• **EXERCISE PROMPT**
Within the entries below, output exactly the lines between the line containing "2 Tech Stocks" and the line containing "TCL 4K Google", inclusive, and omit any picture.

• **SUPPLIED RECORDS**
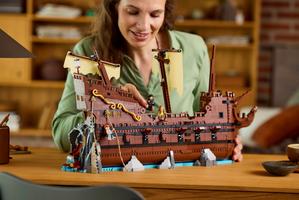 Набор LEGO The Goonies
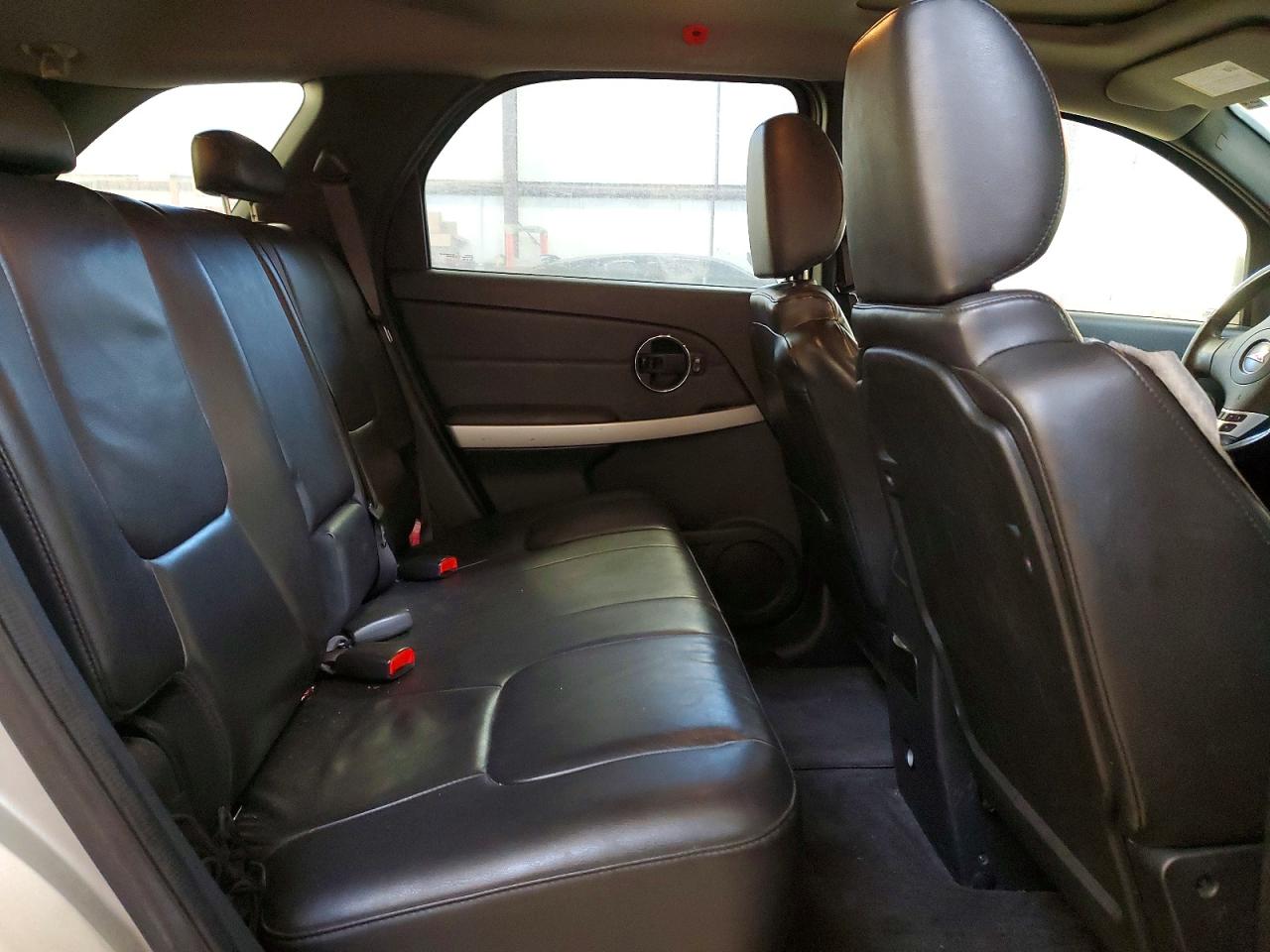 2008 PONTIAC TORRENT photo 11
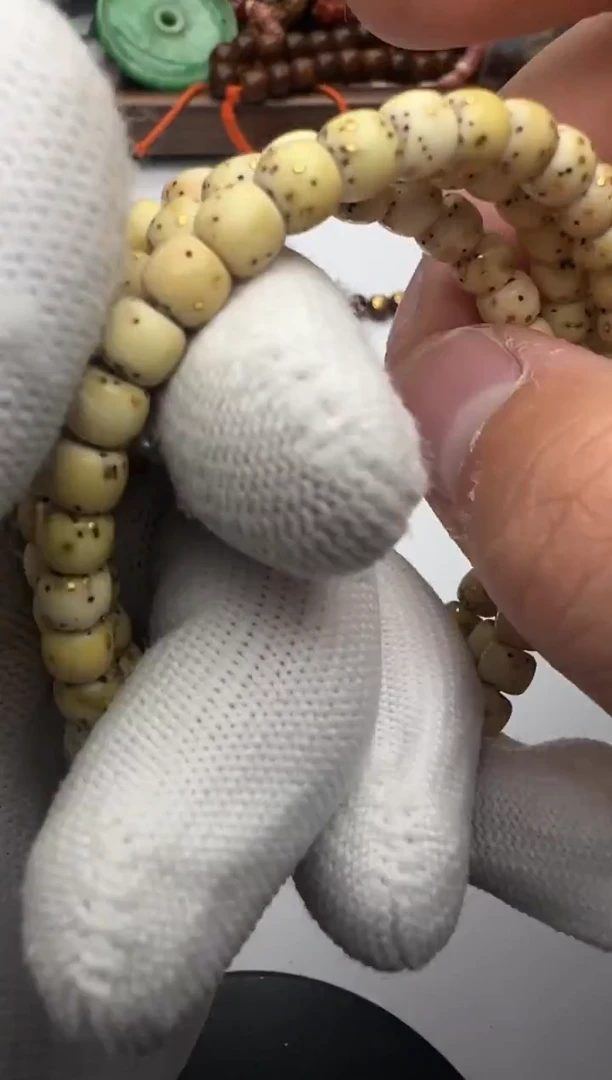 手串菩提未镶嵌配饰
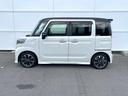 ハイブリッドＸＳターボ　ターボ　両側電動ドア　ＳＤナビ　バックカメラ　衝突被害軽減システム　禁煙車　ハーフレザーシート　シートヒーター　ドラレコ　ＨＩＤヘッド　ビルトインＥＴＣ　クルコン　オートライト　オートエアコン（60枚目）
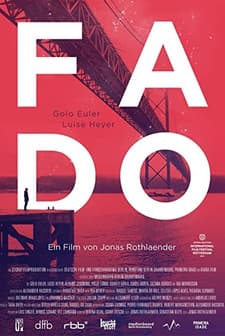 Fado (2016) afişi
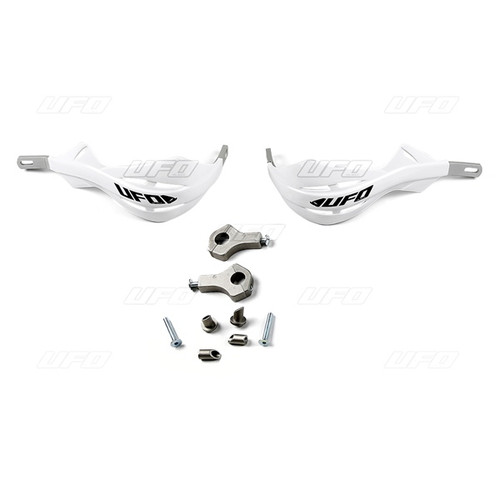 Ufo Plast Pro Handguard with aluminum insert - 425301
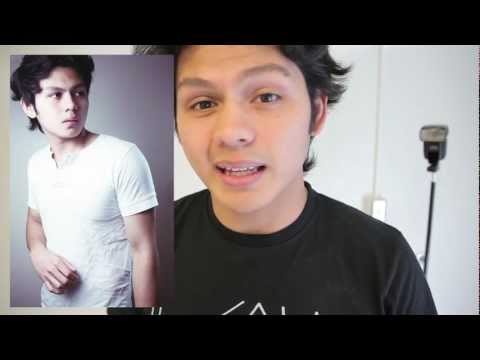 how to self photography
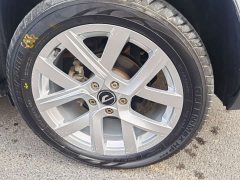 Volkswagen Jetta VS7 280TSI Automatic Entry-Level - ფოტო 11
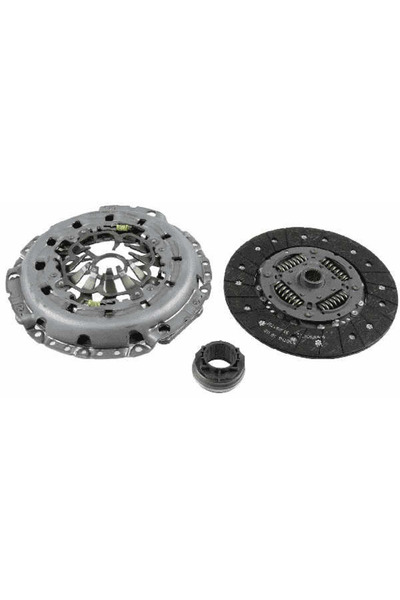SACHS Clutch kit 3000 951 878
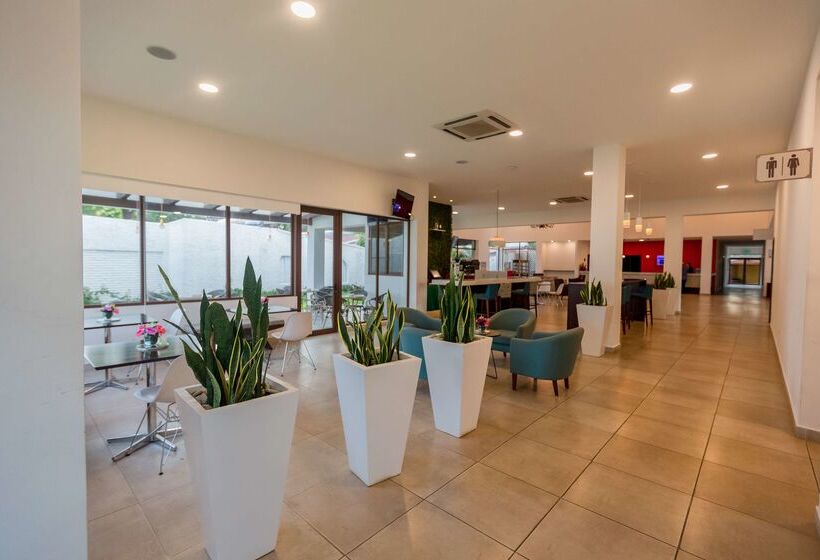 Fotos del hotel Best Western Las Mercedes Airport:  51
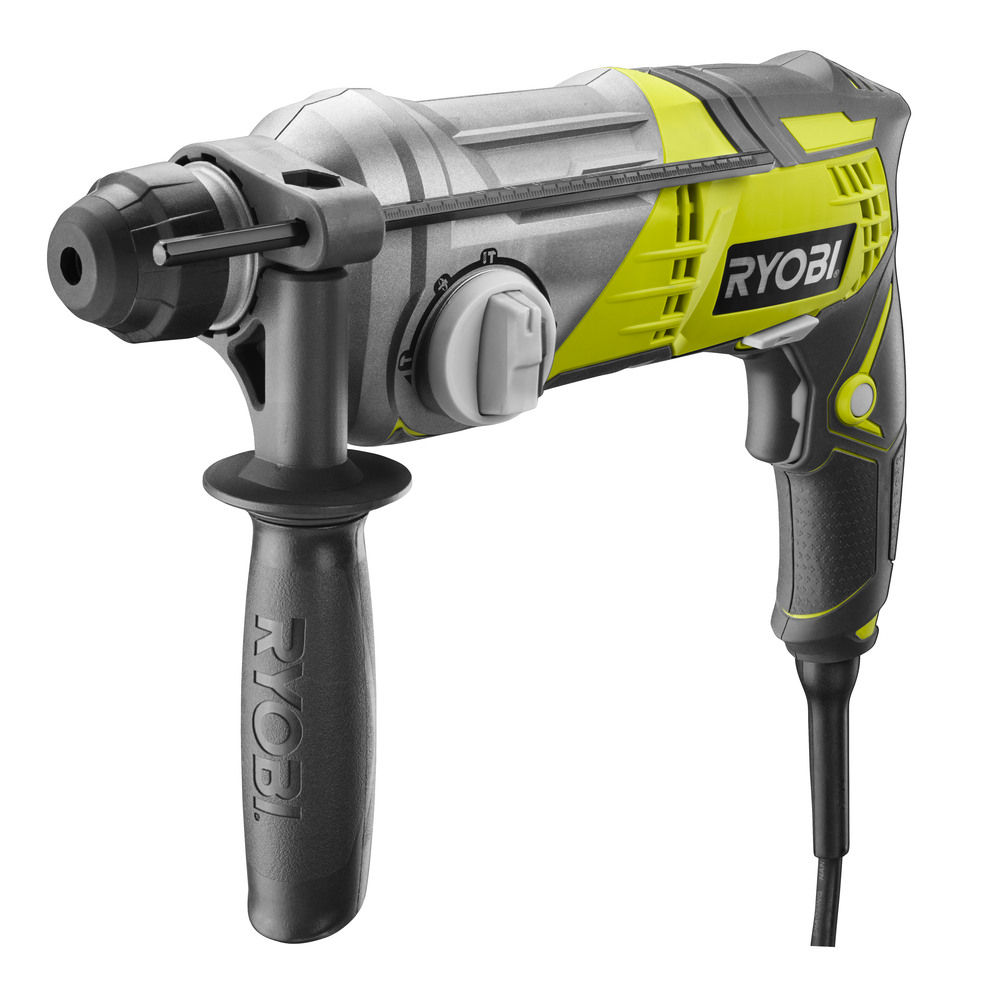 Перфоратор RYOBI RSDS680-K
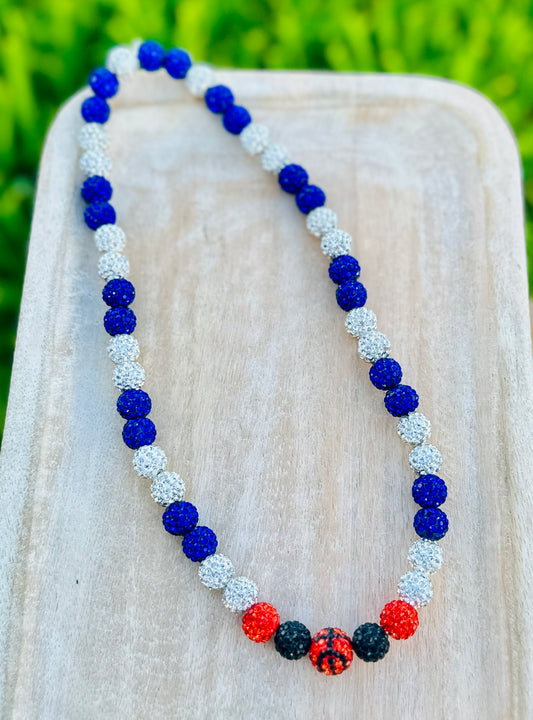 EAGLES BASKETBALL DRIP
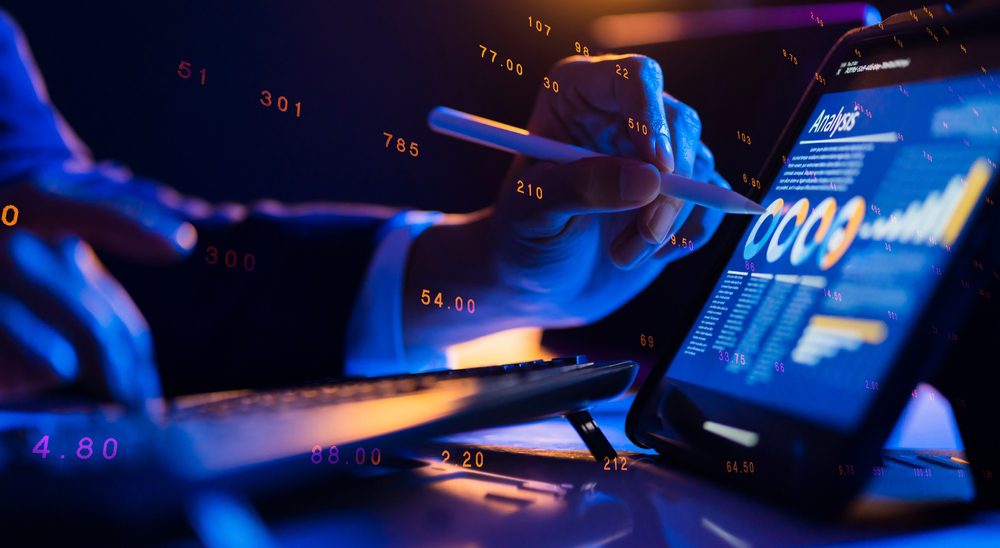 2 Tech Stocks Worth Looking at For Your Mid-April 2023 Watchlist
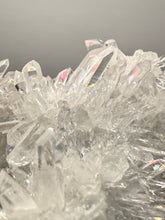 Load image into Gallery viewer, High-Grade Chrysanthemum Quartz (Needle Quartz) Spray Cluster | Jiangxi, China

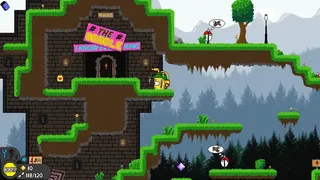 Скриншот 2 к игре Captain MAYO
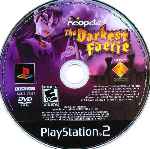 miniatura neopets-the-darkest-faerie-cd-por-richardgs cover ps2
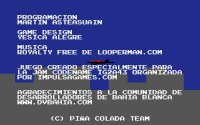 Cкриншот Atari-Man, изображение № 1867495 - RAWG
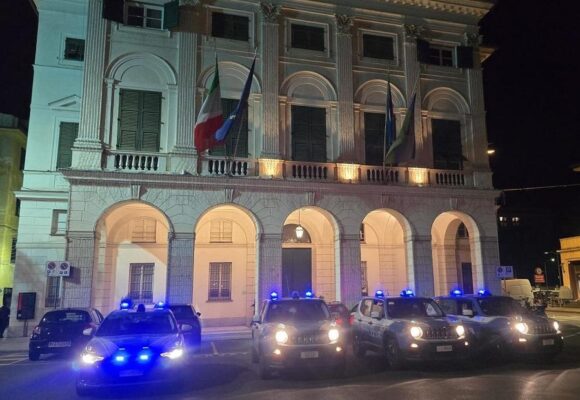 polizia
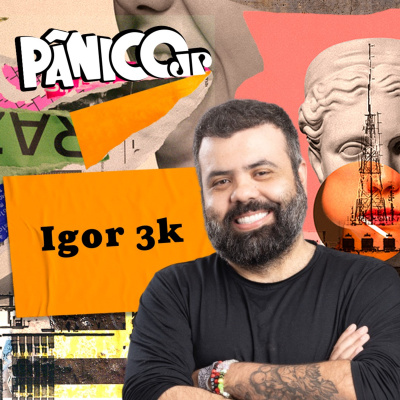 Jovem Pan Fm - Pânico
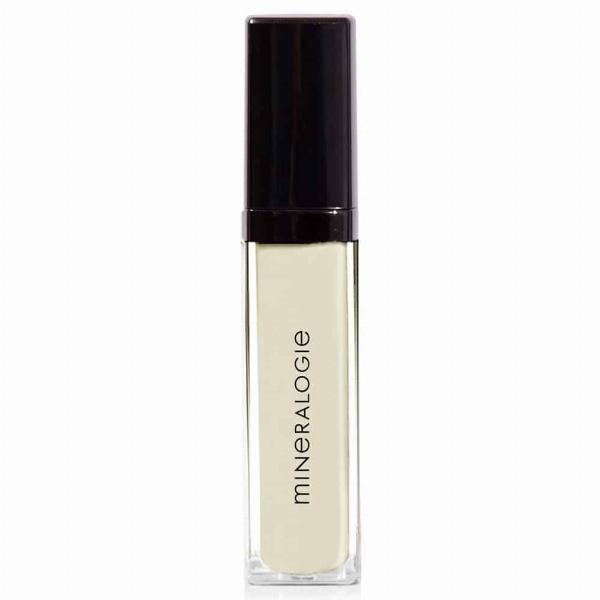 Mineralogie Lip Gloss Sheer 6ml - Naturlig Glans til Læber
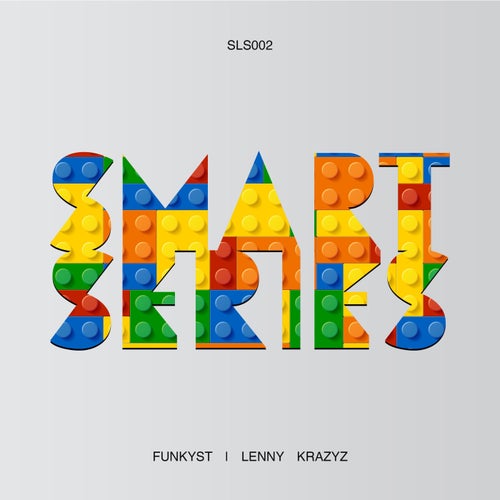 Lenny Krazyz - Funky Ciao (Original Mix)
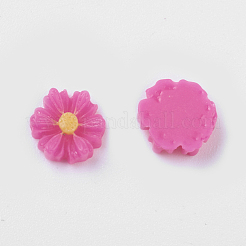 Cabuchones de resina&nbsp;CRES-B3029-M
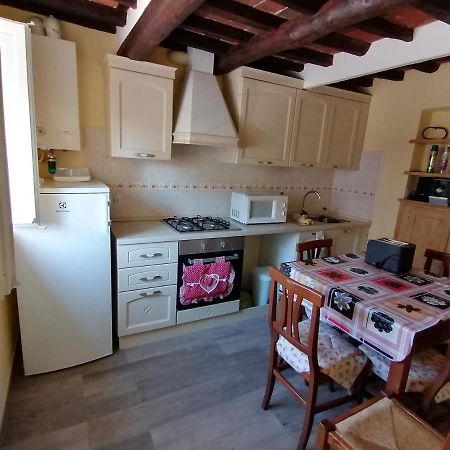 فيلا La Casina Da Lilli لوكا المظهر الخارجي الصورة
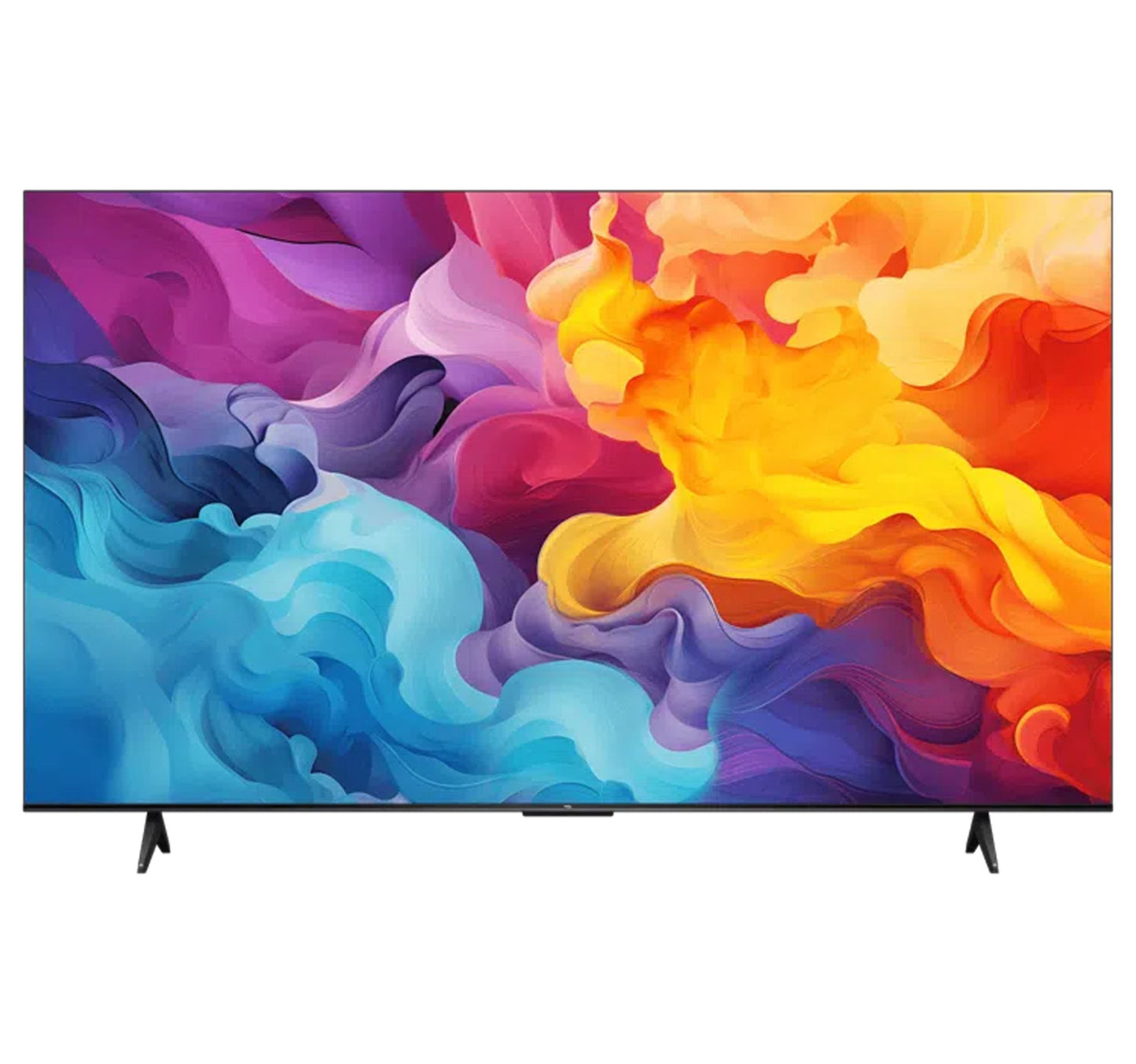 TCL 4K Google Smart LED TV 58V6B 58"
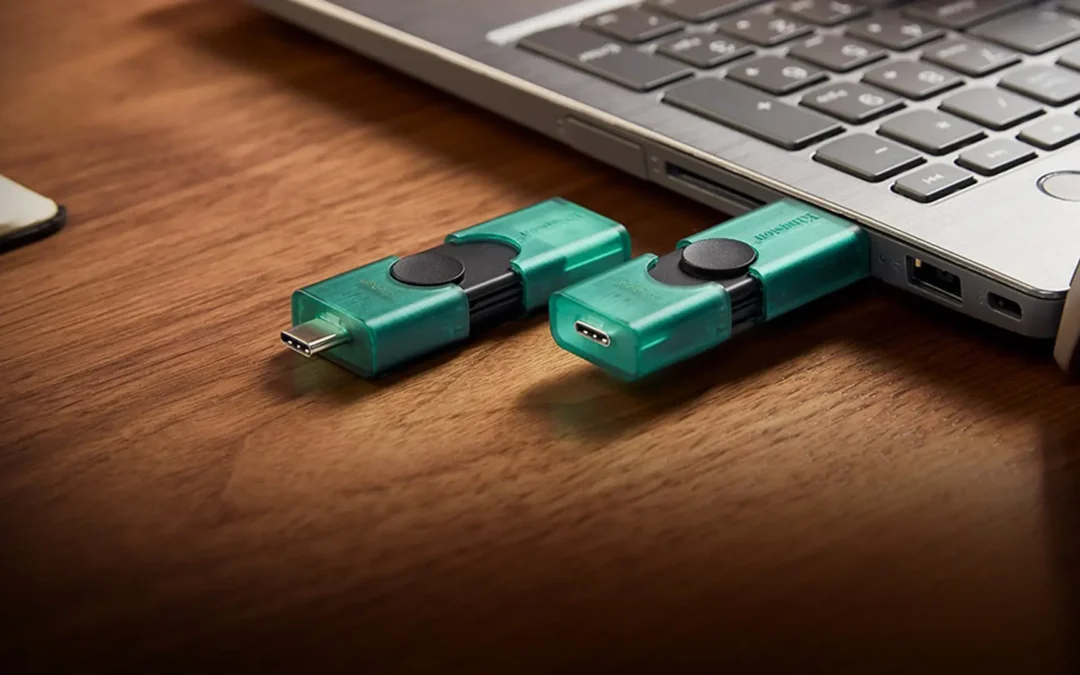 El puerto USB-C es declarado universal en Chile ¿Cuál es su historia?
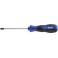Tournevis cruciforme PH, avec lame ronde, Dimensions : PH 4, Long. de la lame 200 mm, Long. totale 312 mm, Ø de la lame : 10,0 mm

• **EXERCISE RESPONSE**
 2 Tech Stocks Worth Looking at For Your Mid-April 2023 Watchlist
 Load image into Gallery viewer, High-Grade Chrysanthemum Quartz (Needle Quartz) Spray Cluster | Jiangxi, China

 Скриншот 2 к игре Captain MAYO
 miniatura neopets-the-darkest-faerie-cd-por-richardgs cover ps2
 Cкриншот Atari-Man, изображение № 1867495 - RAWG
 polizia
 Jovem Pan Fm - Pânico
 Mineralogie Lip Gloss Sheer 6ml - Naturlig Glans til Læber
 Lenny Krazyz - Funky Ciao (Original Mix)
 Cabuchones de resina&nbsp;CRES-B3029-M
 فيلا La Casina Da Lilli لوكا المظهر الخارجي الصورة
 TCL 4K Google Smart LED TV 58V6B 58"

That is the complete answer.